WATERLOO, Iowa - Ten years ago, Dave Kazynski had an idea that managed care organizations might favor “one-stop shopping” for HME and services and that small independent equipment providers might appreciate the added business they had not been able to tap directly. By connecting the buyer to the right seller, he figured, everyone would benefit - especially the patient.
So Homelink was born and it grew - and continues to grow - even as it walks away from contracts and other provider networks unravel. Besides Gentiva CareCentrix and Northwood, HomeLink is the only provider network still in business. Others - The MED Group’s managed care network, EquipNet and Legend Healthcare among them - have disbanded, citing the impossibility of turning even a small profit.

It’s Homelink’s willingness to turn down contracts and its employees’ unstinting dedication to customer service that have helped it succeed, said Dave Kazynski, president of VGM Homecare. Homelink refused contracts that could not be fulfilled for the price while other networks figured “any volume is good at any cost,” Kazynski said.

“We turned down six out of every seven contracts, and we were still growing,” Kazynski said. In 2000, Homelink canceled three of its largest contracts because the insurance companies would not budge on price.

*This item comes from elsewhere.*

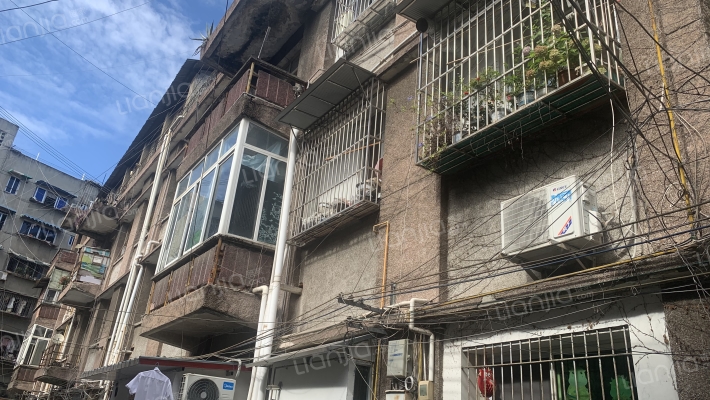 济生小区外景图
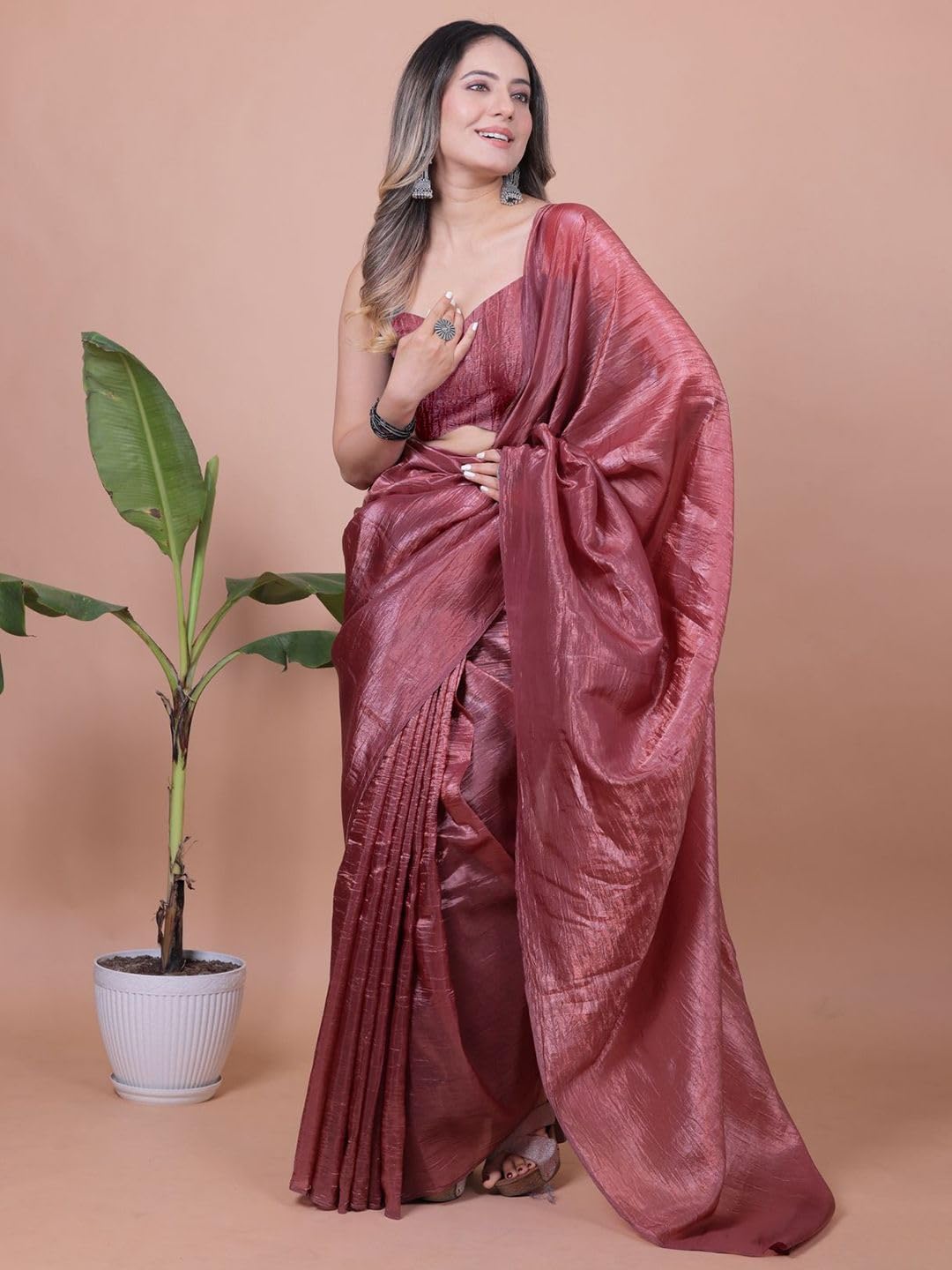 Vasthrlay Traditional Saree in Lavender with refined ethnic ethnic appeal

Eventually Homelink negotiated contracts that were between 17 percent and 62 percent higher than what the managed care company had agreed to pay other provider networks. Some of the large contracts today are for $10 million to $15 million.

Homelink, with 200 employees at its headquarters and call center here, continues to grow. The 23,000 referrals it counted in 1999-2000 grew 15 percent the next year, and jumped 31 percent in 2001-2002. So far this year, the growth rate is at 10 percent.

Executives of defunct provider networks have complained that the margins in the HME referral business are just too small to survive, and the amount of business to be doled out among small independent dealers is miniscule.

Kazynski acknowledges that margins are small, but VGM has always seen Homelink as a service for its members, rather than a big money-maker, he said. HomeLink won’t lose money on a contract, but it can afford to operate at break-even or at a small profit.

Barbara Bishov, owner of Quality Healthcare in Arlington Heights, Ill., a suburb of Chicago, is happy to have Homelink referrals that make up 2 to 5 percent of her HME. As a company with 20 employees and one location, she knows she couldn’t negotiate with the managed care organizations herself. Plus, Bishov appreciates the attention Homelink gives the patient.

“They do their job,” she said. “They check. They make sure when they refer a patient, that patient is treated right.”